In the best comedy series category, the nominees include two more CBC shows that announced their series finales in the past year: “Baroness Von Sketch Show” and “Kim’s Convenience.”
“Baroness” left the air after its fifth season last fall, with the comedy troupe saying it “felt like the right time,” while “Kim’s Convenience” is set to wrap up for good on April 13 after producers said its co-creators were moving on to other projects.
“It’s a really nice way to end our run, especially since our costume designer, Nicole Manek, got her first-ever nomination, and hair and makeup and wardrobe are such a huge part of sketch and such a huge part of our show,” said “Baroness” co-creator and star Jennifer Whalen.
Other best comedy contenders include Crave’s “Letterkenny” and CBC’s “Workin’ Moms.”
In the best drama series category, the other nominees include Global’s “Departure,” CTV’s “Transplant,” History’s “Vikings” and CBC’s “Burden of Truth.” The latter two series have also ended their runs in recent months.
This is the second year in a row the Canadian Screen Awards are unfolding online due to the COVID-19 pandemic.
The livestreams for the ninth-annual awards will be available on the academy’s website as well as its Twitter and YouTube channels. The presentations will honour last year’s Special Award recipients, including Tina Keeper, Daniel Levy, David Suzuki, and the late Alex Trebek. A notable Canadian will narrate each presentation.
Academy CEO Beth Janson said she feels some elements of an online celebration can be “just as effective” as an in-person event.
But the Canadian Screen Awards help highlight nominees who suffer from a lack of exposure, and “coming together will remain really central” to what the academy does in the future, when it’s safe to do so, she added.
“I think clearly awards shows are in crisis right now in general,” Janson said in an interview. “You look at the Golden Globes — a 60 per cent drop in ratings is not insignificant.

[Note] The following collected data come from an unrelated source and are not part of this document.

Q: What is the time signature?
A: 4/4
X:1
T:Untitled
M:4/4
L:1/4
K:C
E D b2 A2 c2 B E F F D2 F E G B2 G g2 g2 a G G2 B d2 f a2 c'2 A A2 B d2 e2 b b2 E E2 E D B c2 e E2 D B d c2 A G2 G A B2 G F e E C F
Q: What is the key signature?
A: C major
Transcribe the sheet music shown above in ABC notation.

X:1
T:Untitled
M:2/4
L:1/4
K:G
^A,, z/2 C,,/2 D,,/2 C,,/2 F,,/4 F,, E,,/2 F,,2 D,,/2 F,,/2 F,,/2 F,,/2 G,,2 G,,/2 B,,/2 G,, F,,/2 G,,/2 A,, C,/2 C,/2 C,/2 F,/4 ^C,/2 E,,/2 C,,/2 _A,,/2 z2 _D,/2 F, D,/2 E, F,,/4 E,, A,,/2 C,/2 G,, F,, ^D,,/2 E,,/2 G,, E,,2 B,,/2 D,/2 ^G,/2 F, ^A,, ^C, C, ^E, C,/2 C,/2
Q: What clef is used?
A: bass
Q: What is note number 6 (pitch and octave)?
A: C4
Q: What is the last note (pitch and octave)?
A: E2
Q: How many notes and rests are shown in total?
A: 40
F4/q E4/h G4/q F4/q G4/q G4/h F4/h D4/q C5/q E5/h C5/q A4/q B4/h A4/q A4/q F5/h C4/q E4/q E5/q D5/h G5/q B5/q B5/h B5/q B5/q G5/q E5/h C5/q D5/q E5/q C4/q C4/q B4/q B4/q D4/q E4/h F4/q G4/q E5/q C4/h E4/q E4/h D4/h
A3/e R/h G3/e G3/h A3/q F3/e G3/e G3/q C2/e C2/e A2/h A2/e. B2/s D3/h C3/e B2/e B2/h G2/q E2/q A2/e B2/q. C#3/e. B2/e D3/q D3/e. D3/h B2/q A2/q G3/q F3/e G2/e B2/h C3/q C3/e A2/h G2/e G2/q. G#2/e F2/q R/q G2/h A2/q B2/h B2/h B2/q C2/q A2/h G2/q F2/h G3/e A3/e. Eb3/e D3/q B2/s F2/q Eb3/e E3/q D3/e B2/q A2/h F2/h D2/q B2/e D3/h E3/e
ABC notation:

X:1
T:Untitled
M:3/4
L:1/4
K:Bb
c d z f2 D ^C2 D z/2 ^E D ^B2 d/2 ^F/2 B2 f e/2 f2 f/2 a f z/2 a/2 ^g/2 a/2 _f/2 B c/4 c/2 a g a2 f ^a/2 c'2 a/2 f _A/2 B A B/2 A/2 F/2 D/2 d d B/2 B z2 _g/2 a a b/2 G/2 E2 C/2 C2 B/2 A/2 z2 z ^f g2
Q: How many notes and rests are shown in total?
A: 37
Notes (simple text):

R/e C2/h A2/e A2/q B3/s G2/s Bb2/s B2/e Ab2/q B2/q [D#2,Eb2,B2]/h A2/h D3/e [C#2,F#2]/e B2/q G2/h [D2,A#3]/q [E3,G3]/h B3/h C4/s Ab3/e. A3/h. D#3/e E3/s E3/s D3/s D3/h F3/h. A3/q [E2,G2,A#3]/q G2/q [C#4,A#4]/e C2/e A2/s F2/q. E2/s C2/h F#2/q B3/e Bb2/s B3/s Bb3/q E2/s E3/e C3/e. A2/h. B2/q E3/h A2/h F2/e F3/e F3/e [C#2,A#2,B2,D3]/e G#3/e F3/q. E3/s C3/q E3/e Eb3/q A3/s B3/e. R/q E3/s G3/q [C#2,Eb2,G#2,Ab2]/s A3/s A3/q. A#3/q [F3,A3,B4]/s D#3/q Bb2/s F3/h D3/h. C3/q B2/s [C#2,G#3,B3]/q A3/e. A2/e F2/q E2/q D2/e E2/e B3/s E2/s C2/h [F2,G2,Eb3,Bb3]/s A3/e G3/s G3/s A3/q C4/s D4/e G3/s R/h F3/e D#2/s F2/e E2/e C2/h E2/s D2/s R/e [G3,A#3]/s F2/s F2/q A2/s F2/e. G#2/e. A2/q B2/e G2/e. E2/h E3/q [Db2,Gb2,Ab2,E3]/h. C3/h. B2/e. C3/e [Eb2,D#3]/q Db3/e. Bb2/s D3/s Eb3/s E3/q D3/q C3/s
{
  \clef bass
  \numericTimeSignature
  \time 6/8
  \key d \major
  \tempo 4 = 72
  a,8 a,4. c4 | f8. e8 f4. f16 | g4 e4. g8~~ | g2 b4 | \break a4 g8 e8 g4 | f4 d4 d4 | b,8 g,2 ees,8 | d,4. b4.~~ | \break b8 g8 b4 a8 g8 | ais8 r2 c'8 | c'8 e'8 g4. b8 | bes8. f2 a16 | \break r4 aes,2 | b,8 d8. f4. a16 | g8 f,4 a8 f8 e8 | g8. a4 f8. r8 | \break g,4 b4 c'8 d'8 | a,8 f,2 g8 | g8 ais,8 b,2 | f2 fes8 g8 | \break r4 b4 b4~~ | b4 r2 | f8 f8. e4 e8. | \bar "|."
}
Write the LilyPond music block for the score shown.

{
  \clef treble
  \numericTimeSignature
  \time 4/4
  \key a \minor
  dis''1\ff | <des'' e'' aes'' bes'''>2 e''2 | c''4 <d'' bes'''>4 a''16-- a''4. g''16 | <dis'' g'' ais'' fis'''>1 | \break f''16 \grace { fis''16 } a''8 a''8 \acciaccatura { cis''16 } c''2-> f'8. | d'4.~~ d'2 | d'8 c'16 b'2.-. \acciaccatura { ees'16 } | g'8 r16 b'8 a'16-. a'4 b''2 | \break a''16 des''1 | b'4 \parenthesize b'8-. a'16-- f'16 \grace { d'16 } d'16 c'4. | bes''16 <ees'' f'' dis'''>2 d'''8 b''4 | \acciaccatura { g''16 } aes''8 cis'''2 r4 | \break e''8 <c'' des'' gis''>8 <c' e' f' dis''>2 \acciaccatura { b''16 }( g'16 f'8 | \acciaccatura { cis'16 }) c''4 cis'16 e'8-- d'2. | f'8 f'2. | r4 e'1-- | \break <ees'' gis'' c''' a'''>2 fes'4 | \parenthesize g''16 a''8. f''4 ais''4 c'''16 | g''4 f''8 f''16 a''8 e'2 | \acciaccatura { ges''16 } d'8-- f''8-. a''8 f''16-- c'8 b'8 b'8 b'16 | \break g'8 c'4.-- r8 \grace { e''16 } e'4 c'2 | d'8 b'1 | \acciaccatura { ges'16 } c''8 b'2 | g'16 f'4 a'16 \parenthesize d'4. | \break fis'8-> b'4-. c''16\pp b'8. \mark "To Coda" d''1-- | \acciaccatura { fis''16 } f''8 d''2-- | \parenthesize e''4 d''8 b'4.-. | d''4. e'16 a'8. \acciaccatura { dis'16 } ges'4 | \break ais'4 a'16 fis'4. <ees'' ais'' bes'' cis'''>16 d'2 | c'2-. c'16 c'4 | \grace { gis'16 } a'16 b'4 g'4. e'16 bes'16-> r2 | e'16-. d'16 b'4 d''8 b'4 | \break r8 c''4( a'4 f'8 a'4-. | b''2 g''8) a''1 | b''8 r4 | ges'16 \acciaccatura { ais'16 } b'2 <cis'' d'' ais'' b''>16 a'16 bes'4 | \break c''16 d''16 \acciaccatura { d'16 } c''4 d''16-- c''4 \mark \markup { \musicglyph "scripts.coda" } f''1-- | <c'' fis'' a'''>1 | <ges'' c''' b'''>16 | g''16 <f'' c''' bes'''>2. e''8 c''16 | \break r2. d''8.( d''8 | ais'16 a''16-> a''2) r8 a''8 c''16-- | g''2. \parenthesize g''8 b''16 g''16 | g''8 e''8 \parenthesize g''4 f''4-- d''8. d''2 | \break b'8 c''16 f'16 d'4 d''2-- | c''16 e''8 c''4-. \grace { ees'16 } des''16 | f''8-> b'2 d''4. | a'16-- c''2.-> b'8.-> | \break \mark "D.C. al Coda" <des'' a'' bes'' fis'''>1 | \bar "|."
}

“But I think the Canadian Screen Awards serve a unique purpose. It is a celebration of excellence, for sure, but it’s also often an exercise in discoverability for us.”
The 2021 nominations were chosen by members of the Canadian Academy and by nominating juries, conducted virtually with representatives from the film, TV, and digital media industries.
The membership will cast their votes between March 30 and April 16 to determine the winners.
The 2021 Canadian Screen Awards for sports will be handed out in July 2021, with nominees to be announced in June.